=== Exercise data ===

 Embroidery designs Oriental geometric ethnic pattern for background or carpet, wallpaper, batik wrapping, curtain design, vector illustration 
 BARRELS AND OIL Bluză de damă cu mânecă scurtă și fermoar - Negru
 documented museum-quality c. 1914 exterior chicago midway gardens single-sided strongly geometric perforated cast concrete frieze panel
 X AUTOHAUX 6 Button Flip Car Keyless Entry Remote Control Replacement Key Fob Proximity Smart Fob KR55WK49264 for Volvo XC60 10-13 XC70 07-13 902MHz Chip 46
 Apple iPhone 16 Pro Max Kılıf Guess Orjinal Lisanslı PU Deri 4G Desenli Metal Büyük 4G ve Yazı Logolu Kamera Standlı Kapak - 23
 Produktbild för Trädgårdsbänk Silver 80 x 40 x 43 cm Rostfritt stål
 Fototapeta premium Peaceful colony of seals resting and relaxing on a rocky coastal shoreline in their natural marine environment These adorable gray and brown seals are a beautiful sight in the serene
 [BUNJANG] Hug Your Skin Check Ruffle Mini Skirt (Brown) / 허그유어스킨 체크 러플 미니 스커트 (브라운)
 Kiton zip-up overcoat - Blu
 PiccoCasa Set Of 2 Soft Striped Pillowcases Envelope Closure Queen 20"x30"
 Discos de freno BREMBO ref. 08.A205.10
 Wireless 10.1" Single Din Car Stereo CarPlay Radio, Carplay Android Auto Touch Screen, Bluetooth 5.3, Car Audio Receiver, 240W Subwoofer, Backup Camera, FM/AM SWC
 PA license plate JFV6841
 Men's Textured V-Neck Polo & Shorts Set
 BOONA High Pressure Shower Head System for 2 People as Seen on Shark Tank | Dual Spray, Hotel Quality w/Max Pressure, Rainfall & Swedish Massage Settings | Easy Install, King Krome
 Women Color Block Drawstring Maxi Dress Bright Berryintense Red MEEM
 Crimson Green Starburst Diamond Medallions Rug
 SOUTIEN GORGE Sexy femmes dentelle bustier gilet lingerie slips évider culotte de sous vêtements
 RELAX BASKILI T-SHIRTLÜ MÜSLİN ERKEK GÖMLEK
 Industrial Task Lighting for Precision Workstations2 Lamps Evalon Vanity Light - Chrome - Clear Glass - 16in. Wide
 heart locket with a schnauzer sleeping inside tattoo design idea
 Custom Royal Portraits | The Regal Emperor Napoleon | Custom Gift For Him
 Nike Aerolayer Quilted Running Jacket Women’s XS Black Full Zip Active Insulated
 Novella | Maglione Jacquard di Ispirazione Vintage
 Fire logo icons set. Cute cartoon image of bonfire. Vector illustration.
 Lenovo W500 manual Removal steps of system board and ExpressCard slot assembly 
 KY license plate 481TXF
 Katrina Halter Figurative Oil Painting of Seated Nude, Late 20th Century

===

#### Your instructions:
Search the material above for "illustration". Pull out each line where it shows up.

#### Answer to this problem:
 Embroidery designs Oriental geometric ethnic pattern for background or carpet, wallpaper, batik wrapping, curtain design, vector illustration 
 Fire logo icons set. Cute cartoon image of bonfire. Vector illustration.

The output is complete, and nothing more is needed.